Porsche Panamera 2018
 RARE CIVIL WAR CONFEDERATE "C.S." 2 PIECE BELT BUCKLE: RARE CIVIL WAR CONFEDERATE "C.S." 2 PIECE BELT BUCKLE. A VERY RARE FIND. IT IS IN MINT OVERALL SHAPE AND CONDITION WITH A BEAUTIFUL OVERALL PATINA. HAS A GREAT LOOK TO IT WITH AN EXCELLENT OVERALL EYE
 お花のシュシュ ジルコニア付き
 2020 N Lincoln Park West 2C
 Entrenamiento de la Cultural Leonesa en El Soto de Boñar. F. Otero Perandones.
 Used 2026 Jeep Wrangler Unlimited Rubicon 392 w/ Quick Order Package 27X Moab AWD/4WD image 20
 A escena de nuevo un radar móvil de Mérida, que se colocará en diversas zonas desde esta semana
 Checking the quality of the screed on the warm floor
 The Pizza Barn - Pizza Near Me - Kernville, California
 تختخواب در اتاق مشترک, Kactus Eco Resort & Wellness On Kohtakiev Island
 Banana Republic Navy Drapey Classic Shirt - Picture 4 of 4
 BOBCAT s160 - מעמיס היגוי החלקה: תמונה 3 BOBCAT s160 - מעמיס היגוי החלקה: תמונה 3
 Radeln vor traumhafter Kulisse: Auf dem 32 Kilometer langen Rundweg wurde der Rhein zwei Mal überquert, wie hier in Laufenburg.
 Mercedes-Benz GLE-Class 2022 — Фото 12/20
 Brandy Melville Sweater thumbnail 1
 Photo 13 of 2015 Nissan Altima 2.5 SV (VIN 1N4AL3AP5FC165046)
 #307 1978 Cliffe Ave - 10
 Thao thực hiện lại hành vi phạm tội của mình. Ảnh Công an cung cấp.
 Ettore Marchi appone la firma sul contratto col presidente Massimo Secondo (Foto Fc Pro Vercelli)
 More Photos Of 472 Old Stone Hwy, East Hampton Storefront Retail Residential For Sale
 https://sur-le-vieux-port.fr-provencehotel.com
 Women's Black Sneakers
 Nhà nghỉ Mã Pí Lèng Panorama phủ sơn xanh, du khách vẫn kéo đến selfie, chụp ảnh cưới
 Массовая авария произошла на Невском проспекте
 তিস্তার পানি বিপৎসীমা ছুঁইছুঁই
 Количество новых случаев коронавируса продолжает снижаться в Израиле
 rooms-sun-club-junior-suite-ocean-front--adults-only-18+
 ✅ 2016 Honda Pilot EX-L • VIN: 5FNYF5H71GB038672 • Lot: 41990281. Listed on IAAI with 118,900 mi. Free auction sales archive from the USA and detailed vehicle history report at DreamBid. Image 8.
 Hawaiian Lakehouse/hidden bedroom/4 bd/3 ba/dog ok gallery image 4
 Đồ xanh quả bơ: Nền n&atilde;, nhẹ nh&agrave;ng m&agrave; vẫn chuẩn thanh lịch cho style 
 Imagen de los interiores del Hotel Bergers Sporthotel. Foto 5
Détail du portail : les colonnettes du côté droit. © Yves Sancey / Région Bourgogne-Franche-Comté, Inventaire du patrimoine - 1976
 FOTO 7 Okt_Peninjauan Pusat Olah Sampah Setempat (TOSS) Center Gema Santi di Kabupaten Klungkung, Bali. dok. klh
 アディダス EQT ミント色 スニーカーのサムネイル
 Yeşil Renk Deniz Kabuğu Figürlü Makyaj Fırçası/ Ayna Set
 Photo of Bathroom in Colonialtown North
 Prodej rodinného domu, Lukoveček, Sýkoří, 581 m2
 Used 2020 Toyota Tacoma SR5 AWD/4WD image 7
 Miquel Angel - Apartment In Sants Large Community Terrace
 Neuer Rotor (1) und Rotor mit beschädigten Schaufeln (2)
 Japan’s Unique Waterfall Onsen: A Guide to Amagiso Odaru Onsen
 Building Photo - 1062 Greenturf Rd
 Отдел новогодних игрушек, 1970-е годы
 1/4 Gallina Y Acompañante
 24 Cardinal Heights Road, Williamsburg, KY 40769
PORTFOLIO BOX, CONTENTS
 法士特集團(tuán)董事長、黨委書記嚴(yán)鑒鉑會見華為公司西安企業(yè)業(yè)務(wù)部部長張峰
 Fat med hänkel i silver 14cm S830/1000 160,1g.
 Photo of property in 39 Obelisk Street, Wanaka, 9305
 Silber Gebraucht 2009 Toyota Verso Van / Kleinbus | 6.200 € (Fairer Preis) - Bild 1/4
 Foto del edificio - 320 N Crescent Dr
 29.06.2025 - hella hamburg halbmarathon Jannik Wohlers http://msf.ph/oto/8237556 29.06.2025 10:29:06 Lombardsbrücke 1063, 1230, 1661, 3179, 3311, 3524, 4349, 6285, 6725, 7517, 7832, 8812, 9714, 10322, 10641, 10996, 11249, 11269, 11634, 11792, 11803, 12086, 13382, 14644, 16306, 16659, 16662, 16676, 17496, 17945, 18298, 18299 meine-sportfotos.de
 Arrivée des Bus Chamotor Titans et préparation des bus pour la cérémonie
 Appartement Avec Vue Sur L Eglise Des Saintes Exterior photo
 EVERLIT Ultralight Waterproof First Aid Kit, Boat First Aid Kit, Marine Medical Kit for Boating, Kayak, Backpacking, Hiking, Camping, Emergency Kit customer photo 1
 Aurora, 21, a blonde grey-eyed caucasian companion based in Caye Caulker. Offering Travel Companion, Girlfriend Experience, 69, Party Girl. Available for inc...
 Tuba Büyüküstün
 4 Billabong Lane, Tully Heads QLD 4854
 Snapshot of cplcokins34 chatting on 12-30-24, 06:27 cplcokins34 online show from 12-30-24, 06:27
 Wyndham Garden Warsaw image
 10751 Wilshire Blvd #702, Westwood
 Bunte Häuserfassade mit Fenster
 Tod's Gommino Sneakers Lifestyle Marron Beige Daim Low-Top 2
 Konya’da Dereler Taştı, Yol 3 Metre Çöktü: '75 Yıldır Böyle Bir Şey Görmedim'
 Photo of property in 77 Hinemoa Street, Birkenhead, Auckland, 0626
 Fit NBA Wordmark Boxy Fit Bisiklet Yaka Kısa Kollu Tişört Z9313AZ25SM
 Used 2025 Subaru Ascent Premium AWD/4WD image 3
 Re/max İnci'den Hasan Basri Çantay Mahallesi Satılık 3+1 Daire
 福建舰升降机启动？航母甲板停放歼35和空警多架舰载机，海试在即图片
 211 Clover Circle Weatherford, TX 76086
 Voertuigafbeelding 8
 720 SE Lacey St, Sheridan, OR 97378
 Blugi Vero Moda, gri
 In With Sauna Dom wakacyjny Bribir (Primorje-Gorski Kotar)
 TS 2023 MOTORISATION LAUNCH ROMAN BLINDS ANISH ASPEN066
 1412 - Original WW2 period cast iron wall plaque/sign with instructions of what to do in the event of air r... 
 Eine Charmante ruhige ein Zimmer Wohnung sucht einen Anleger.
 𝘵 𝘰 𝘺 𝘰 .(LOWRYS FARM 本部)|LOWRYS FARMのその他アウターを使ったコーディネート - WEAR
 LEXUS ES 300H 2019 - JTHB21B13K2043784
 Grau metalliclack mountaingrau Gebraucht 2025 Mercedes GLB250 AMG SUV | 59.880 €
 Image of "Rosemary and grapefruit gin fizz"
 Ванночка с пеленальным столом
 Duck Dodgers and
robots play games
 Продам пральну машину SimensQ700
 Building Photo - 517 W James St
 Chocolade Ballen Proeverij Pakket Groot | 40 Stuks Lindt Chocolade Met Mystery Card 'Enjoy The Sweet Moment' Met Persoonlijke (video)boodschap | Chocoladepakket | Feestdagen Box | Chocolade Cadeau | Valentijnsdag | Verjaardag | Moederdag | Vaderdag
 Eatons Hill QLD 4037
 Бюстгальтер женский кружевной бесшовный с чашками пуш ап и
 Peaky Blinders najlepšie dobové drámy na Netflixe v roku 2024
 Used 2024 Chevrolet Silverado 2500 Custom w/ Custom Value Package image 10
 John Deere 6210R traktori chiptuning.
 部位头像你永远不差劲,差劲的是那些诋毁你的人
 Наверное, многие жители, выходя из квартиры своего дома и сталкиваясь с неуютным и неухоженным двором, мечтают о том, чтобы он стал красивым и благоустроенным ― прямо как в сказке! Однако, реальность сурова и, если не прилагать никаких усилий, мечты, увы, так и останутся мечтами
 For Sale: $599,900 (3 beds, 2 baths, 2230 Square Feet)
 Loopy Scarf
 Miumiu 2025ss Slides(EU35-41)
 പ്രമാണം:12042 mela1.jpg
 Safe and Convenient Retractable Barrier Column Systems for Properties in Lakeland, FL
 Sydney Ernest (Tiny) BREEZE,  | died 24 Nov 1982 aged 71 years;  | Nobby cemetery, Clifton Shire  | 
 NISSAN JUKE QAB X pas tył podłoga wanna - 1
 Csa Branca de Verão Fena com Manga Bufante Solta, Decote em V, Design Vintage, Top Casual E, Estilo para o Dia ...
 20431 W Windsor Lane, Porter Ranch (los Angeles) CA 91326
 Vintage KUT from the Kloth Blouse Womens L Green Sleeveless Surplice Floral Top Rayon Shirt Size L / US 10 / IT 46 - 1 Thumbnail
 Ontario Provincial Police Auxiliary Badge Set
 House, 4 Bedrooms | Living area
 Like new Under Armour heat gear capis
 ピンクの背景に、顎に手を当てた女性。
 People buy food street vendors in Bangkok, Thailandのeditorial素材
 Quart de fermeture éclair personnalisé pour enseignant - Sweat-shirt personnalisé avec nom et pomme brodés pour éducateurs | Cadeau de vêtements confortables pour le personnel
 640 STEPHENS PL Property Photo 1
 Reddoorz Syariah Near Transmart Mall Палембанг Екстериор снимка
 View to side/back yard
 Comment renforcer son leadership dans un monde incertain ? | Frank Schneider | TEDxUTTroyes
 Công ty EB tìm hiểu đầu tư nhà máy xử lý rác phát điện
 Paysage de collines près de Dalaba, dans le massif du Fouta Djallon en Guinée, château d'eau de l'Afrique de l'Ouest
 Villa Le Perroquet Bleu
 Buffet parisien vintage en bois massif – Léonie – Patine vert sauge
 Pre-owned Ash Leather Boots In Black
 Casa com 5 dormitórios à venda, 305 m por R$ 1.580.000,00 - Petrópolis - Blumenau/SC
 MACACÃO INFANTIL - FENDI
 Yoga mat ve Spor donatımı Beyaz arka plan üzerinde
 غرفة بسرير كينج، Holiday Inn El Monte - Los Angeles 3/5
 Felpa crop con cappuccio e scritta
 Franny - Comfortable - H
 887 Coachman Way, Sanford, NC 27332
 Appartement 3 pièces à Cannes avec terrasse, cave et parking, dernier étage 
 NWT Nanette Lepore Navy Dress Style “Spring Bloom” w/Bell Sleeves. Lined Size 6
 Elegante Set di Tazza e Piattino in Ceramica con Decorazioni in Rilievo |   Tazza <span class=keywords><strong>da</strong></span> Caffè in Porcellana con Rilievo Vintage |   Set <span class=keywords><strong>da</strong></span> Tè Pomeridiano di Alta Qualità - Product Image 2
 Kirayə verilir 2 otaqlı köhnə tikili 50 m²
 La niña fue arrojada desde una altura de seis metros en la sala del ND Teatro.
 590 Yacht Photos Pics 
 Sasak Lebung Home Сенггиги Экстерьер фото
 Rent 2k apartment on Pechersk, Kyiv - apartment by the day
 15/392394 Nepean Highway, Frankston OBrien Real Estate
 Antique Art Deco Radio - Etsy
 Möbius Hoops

▶ **WHAT IS BEING ASKED**:
Each line from the beginning of the entries to the line with "BOBCAT s160 - מעמיס היגוי החלקה: תמונה 3 BOBCAT" must be repeated exactly, with both end lines kept and no other lines given.

▶ **SOLUTION FOR THIS EXERCISE**:
Porsche Panamera 2018
 RARE CIVIL WAR CONFEDERATE "C.S." 2 PIECE BELT BUCKLE: RARE CIVIL WAR CONFEDERATE "C.S." 2 PIECE BELT BUCKLE. A VERY RARE FIND. IT IS IN MINT OVERALL SHAPE AND CONDITION WITH A BEAUTIFUL OVERALL PATINA. HAS A GREAT LOOK TO IT WITH AN EXCELLENT OVERALL EYE
 お花のシュシュ ジルコニア付き
 2020 N Lincoln Park West 2C
 Entrenamiento de la Cultural Leonesa en El Soto de Boñar. F. Otero Perandones.
 Used 2026 Jeep Wrangler Unlimited Rubicon 392 w/ Quick Order Package 27X Moab AWD/4WD image 20
 A escena de nuevo un radar móvil de Mérida, que se colocará en diversas zonas desde esta semana
 Checking the quality of the screed on the warm floor
 The Pizza Barn - Pizza Near Me - Kernville, California
 تختخواب در اتاق مشترک, Kactus Eco Resort & Wellness On Kohtakiev Island
 Banana Republic Navy Drapey Classic Shirt - Picture 4 of 4
 BOBCAT s160 - מעמיס היגוי החלקה: תמונה 3 BOBCAT s160 - מעמיס היגוי החלקה: תמונה 3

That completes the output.